On Tue, Nov 22, 2022 at 5:21 PM Luis Chamberlain <mcgrof@xxxxxxxxxx> wrote:
>
> On Mon, Nov 21, 2022 at 07:28:36PM -0700, Song Liu wrote:
> > On Mon, Nov 21, 2022 at 1:12 PM Luis Chamberlain <mcgrof@xxxxxxxxxx> wrote:
> > >
[...]
> > fixes a bug that splits the page table (from 2MB to 4kB) for the WHOLE kernel
> > text. The bug stayed in the kernel for almost a year. None of all the available
> > open source benchmark had caught it before this specific benchmark.
>
> That doesn't mean enterpise level testing would not have caught it, and
> enteprise kernels run on ancient kernels so they would not catch up that
> fast. RHEL uses even more ancient kernels than SUSE so let's consider
> where SUSE was during this regression. The commit you mentioned the fix
> 7af0145067bc went upstream on v5.3-rc7~4^2, and that was in August 2019.
> The bug was introduced through commit 585948f4f695 ("x86/mm/cpa: Avoid
> the 4k pages check completely") and that was on v4.20-rc1~159^2~41
> around September 2018. Around September 2018, the time the regression was
> committed, the most bleeding edge Enterprise Linux kernel in the industry was
> that on SLE15 and so v4.12 and so there is no way in hell the performance
> team at SUSE for instance would have even come close to evaluating code with
> that regression. In fact, they wouldn't come accross it in testing until
> SLE15-SP2 on the v5.3 kernel but by then the regression would have been fixed.

Can you refer me to one enterprise performance report with open source
benchmark that shows ~1% performance regression?
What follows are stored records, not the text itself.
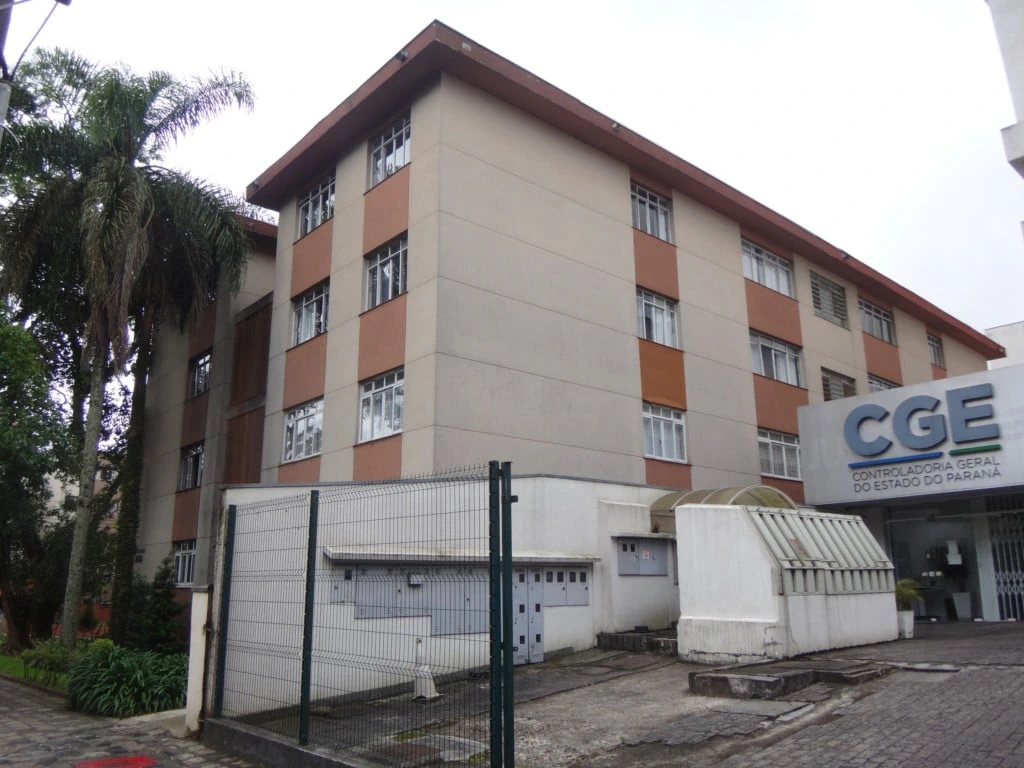 Apartamento, 145 m², com piso de madeira ou laminado — photo 24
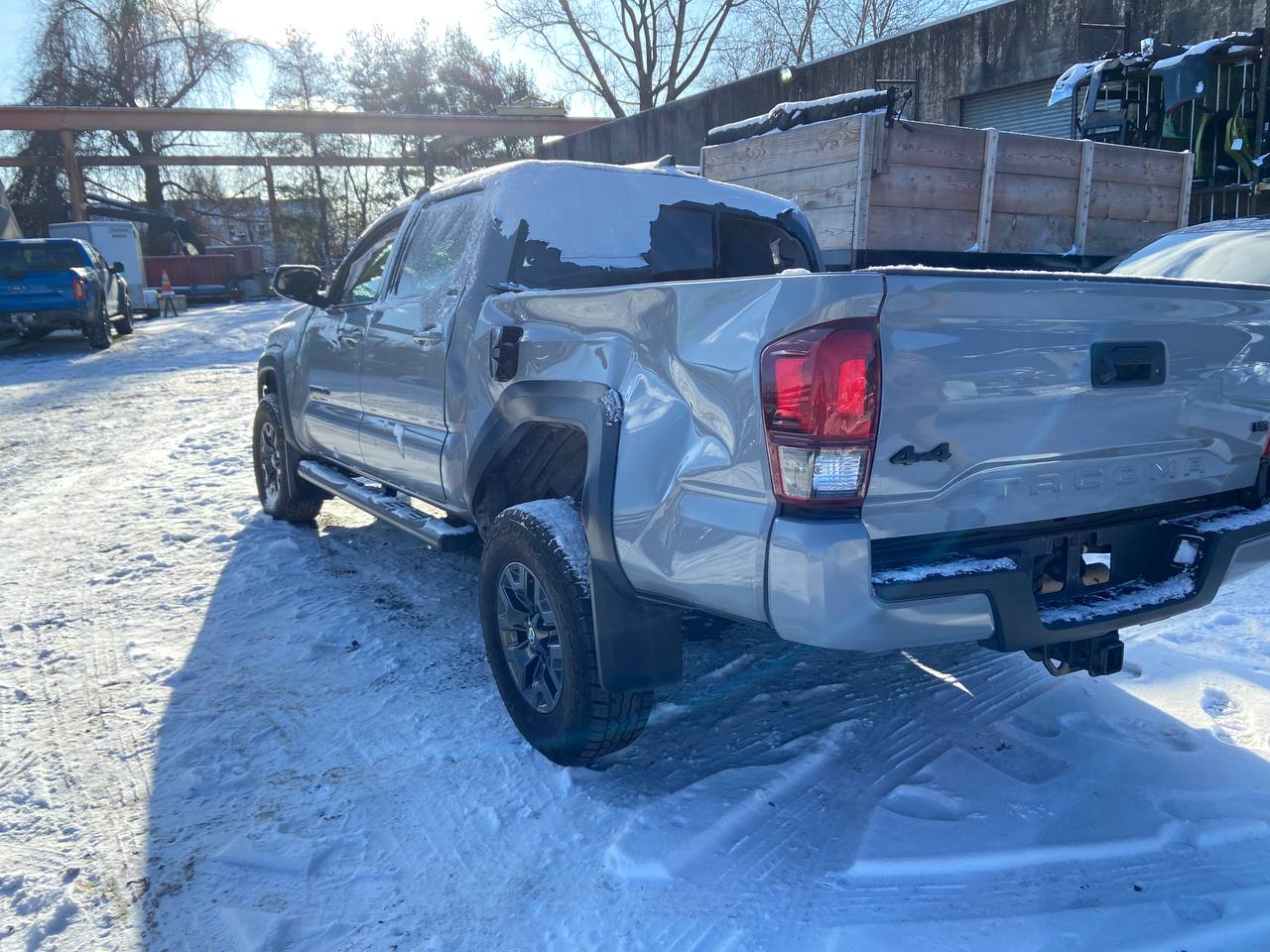 Donor vehicle 2021 Toyota Tacoma SR5 V6 Gray - Alshned Auto Parts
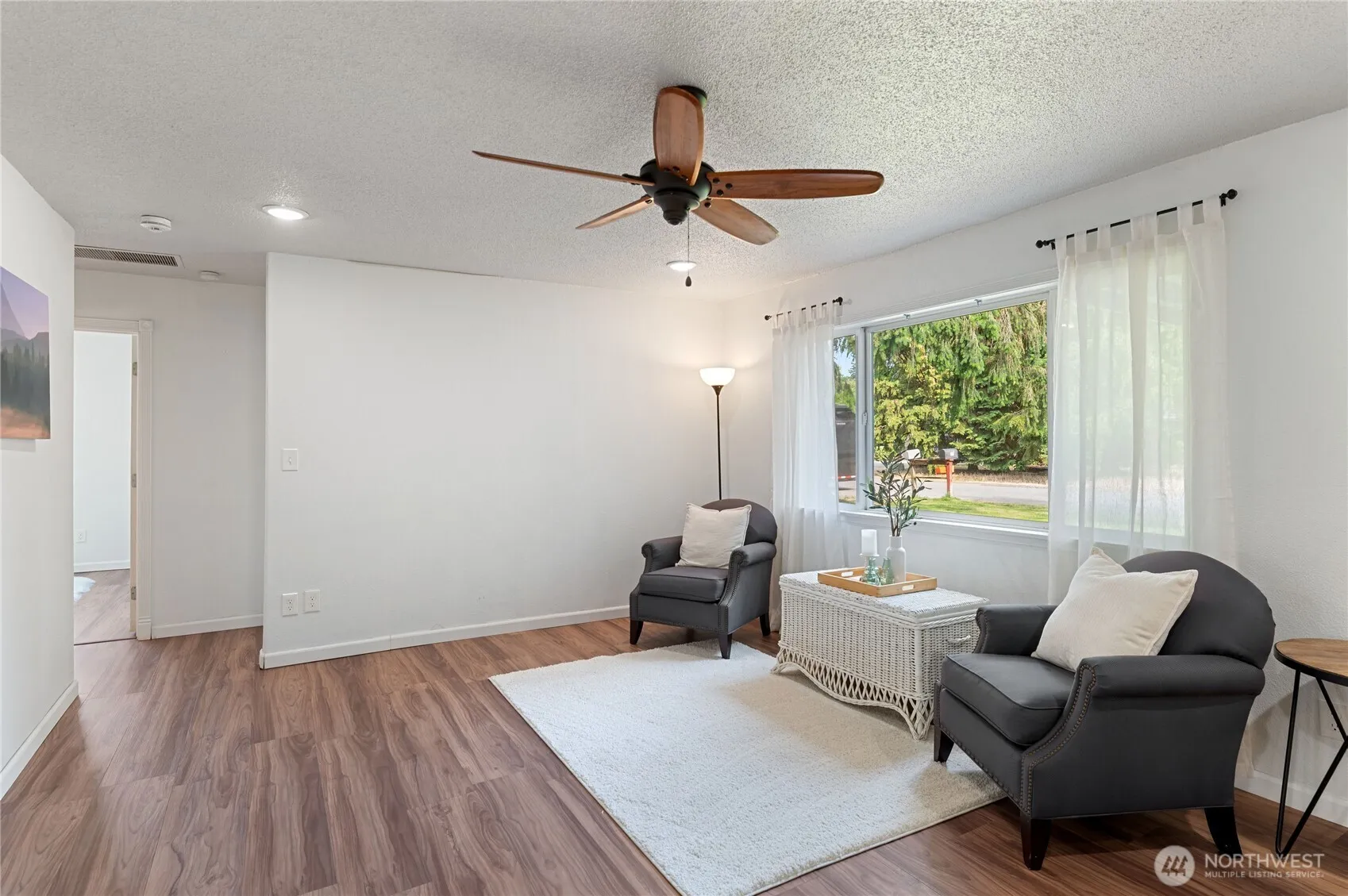 Property photo for 124 Tule Lake Road E, Tacoma photo 4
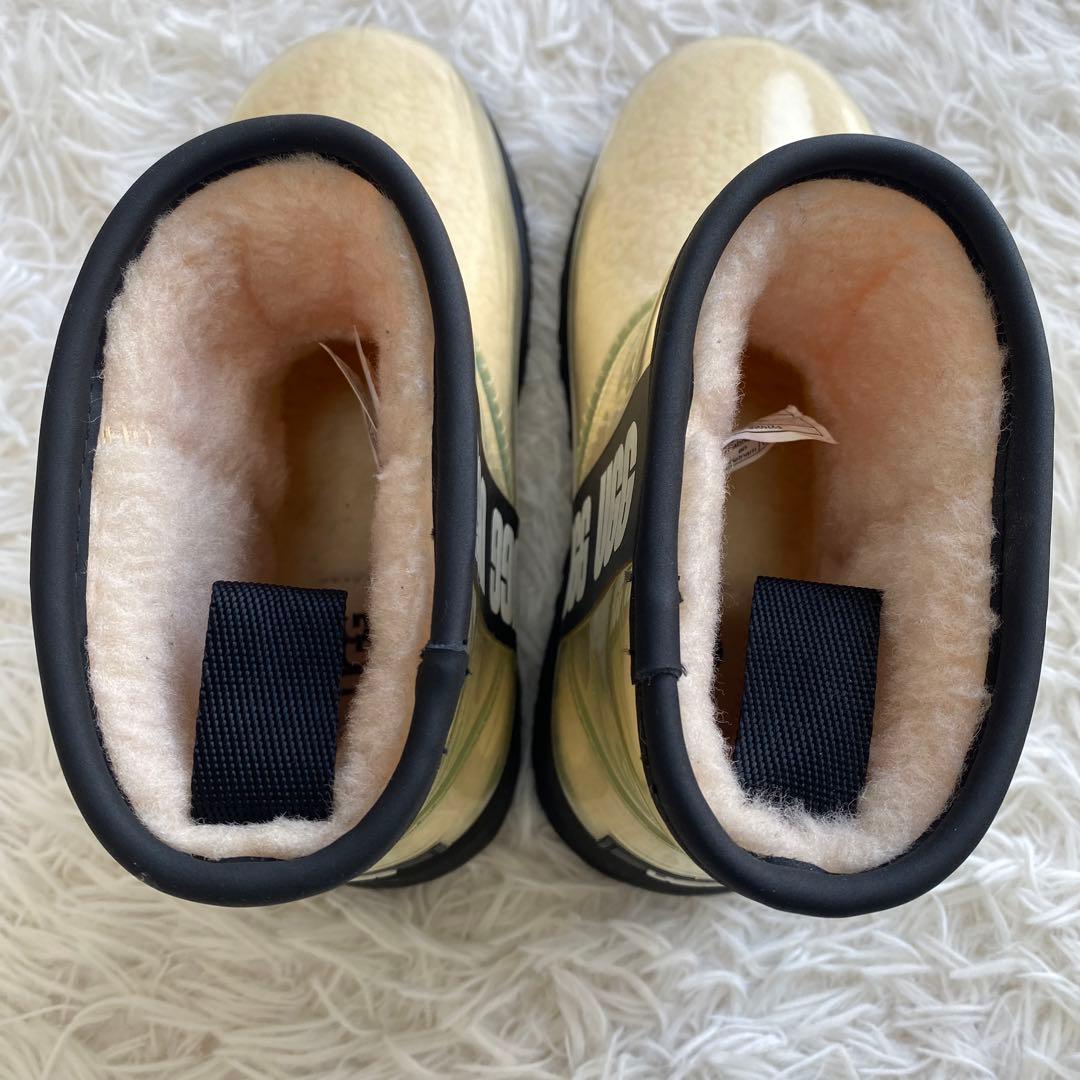 UGG アグ　レインブーツ　ボア　クリア　ベージュ　クリーム　ロゴ入り　長靴
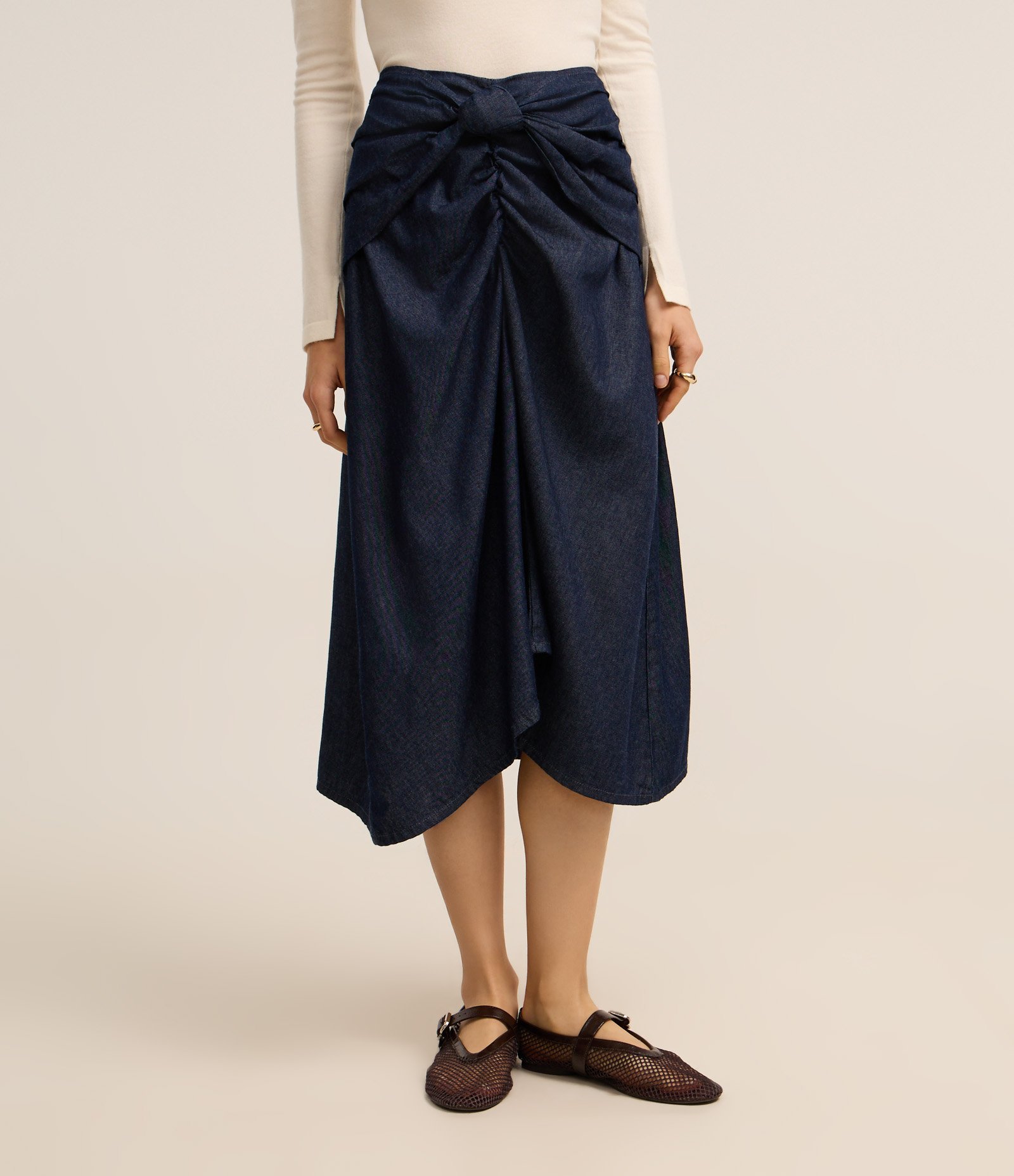 Saia Midi em Jeans Raw com Laço Frontal Azul 2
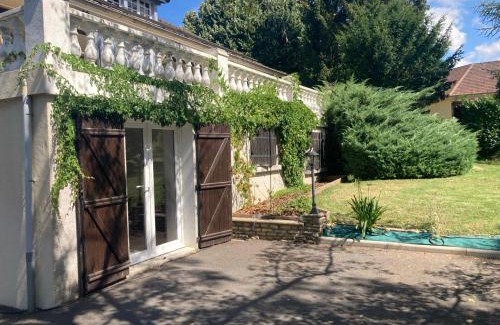 Saint-Eloy-de-Gy Maison | Logement avec 2 chambres pour 5 personnes maxi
If it is available, I am
more than happy to try it out. Note that, we need some BPF programs to show
the benefit of this set. In most production hosts, network related BPF programs
are the busiest. Therefore, single host benchmarks will not show the benefit.

Thanks,
Song

PS: Data in [1] if full of noise:

"""
2. For each benchmark/system combination, the 1G mapping had the highest
performance for 45% of the tests, 2M for ~30%, and 4k for~20%.

3. From the average delta, among 1G/2M/4K, 4K gets the lowest
performance in all the 4 test machines, while 1G gets the best
performance on 2 test machines and 2M gets the best performance on the
other 2 machines.
"""

There is no way we can get consistent result of 1% performance improvement
from experiments like those.

[1] https://lore.kernel.org/linux-mm/213b4567-46ce-f116-9cdf-bbd0c884eb3c@xxxxxxxxxxxxxxx/